## Exercise description
Repeat the data that follows in full. Do not include the pictures.

## Input data
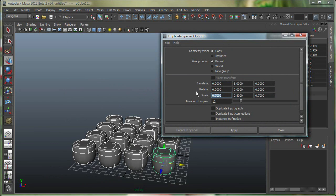And I'll simply do a scale of 0.9, 0.9, and also a 0.9 over here. So I'm telling it basically, give me 12 copies, translate these objects 8 units up in Y, because this is the Y window, this is the Y area.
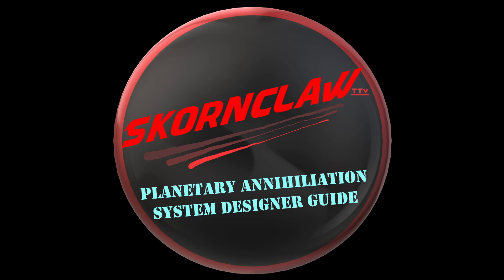Hey everyone, Skorn here. This is going to be my episode on Planetary Annihilation System Designer, which effectively is the same thing as a map editor for this video game.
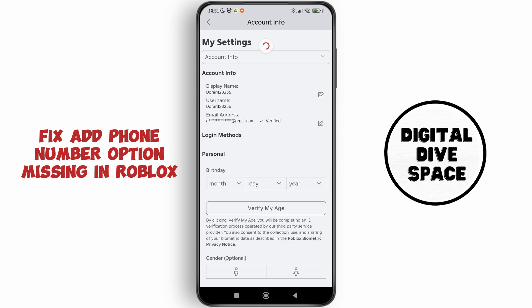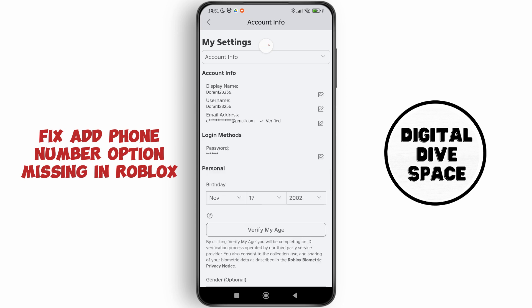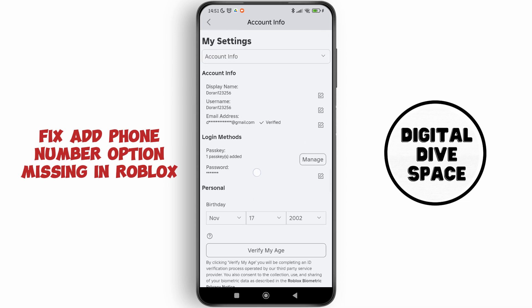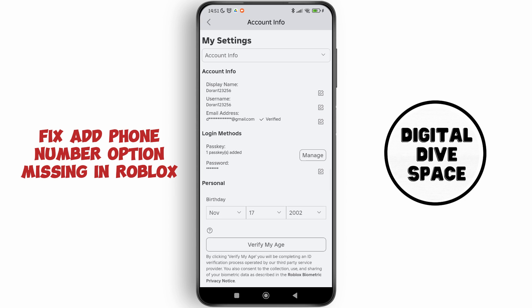After that, you need to tap through, and here you can see that there is no option for adding a phone number. There is no specific reason for why there is no 'Add Phone Number' option in the Roblox application.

## Response to this task
And I'll simply do a scale of 0.9, 0.9, and also a 0.9 over here. So I'm telling it basically, give me 12 copies, translate these objects 8 units up in Y, because this is the Y window, this is the Y area.
Hey everyone, Skorn here. This is going to be my episode on Planetary Annihilation System Designer, which effectively is the same thing as a map editor for this video game.
After that, you need to tap through, and here you can see that there is no option for adding a phone number. There is no specific reason for why there is no 'Add Phone Number' option in the Roblox application.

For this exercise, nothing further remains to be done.